**Exercise aim**
What is needed is an exact copy of the lines in the entries below from the one holding "Mailboxes 3910D-10AFU Salsbury" through the one holding "Load image into", pictures excluded.

**Data under study**
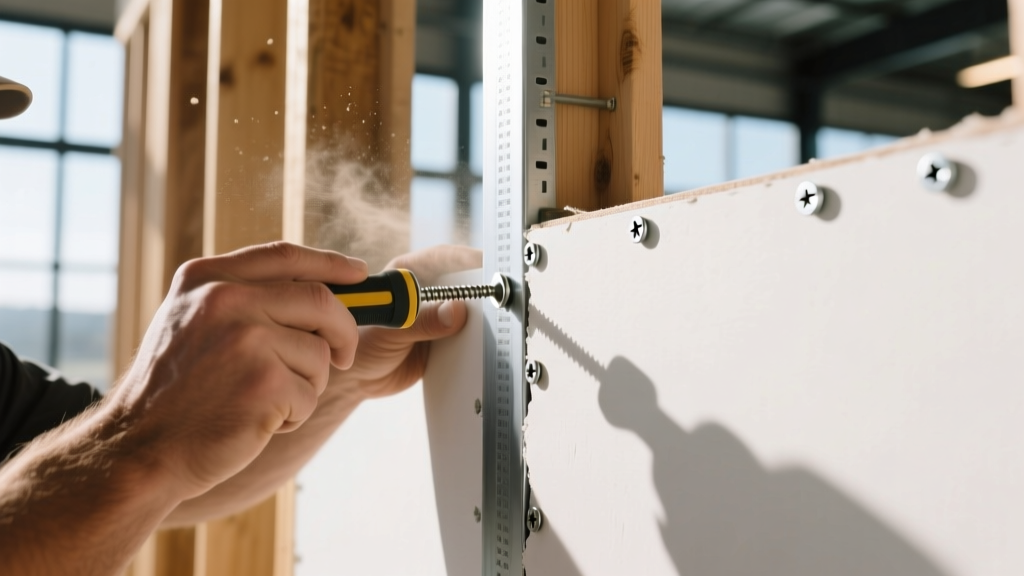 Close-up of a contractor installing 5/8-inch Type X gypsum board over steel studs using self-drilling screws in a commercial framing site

--

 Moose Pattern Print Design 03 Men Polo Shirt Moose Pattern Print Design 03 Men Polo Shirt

...

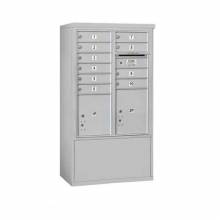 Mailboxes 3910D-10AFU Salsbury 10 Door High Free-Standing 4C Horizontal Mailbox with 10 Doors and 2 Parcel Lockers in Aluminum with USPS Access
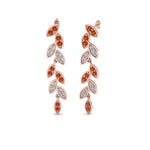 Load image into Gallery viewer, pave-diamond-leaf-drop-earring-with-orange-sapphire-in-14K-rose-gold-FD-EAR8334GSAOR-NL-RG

**Exercise response**
 Mailboxes 3910D-10AFU Salsbury 10 Door High Free-Standing 4C Horizontal Mailbox with 10 Doors and 2 Parcel Lockers in Aluminum with USPS Access
 Load image into Gallery viewer, pave-diamond-leaf-drop-earring-with-orange-sapphire-in-14K-rose-gold-FD-EAR8334GSAOR-NL-RG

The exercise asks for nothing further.